Build YouTube connector.

In [4]:
load_dotenv()

youtube_api_key = os.getenv('GCP_YOUTUBE_API_KEY')

In [7]:
openai_api_key = os.getenv('OPENAI_API_KEY')
openai_api_org = os.getenv('OPENAI_API_ORG')

Take old code from SentiRec Analytics project: https://github.com/RavinderRai/SentiRec-Analytics/blob/main/modules/YouTubeReviewScraper.py.

In [21]:
class YouTubeReviewData:    
    def __init__(self, api_key):
        self.api_key = api_key
        self.youtube = build('youtube', 'v3', developerKey=api_key)
        
    def search_videos(self, search_query, max_results=5, individual_review=False):
        """
        Search for YouTube videos based on a given query and retrieve additional information including closed captions.

        Parameters:
        - search_query (str): The search query used to find relevant videos on YouTube.
        - max_results (int): The maximum number of videos to retrieve. Defaults to 5.
        - individual_review (bool): If the search query is for reviews of a specific product, then set this to True, 
        to ignore videos with VS in their titles as that indicates that the reviews isn't for just the individual product itself.

        Returns:
        List[dict]: A list of dictionaries, each containing information about a video, including:
            - 'video_id' (str): The unique identifier for the video.
            - 'title' (str): The title of the video.
            - 'video_link' (str): The YouTube link to the video.
            - 'channel_name' (str): The name of the channel that uploaded the video.
            - 'cc_text' (str): The closed captions text for the video.

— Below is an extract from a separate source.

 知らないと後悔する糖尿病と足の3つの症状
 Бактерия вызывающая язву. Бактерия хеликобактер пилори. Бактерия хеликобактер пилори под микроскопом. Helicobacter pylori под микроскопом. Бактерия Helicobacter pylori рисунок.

This is the review text.

        Note:
        - Videos with titles containing specific strings ('VS', 'vs', 'Vs') are excluded, as they indicate videos that aren't reviews specific to the  
        product in the search query.
        - The 'cc_text' field may contain an empty string if closed captions are not available.
        """       
        
        search_response = self.youtube.search().list(
            q=search_query,
            type='video',
            part='id, snippet',
            maxResults=max_results
        ).execute()        
        
        videos_info = []
        for result in search_response.get('items', []):
            video_id = result['id']['videoId']
            title = result['snippet']['title']
            video_link = f'https://www.youtube.com/watch?v={video_id}'
            channel_name = result['snippet']['channelTitle']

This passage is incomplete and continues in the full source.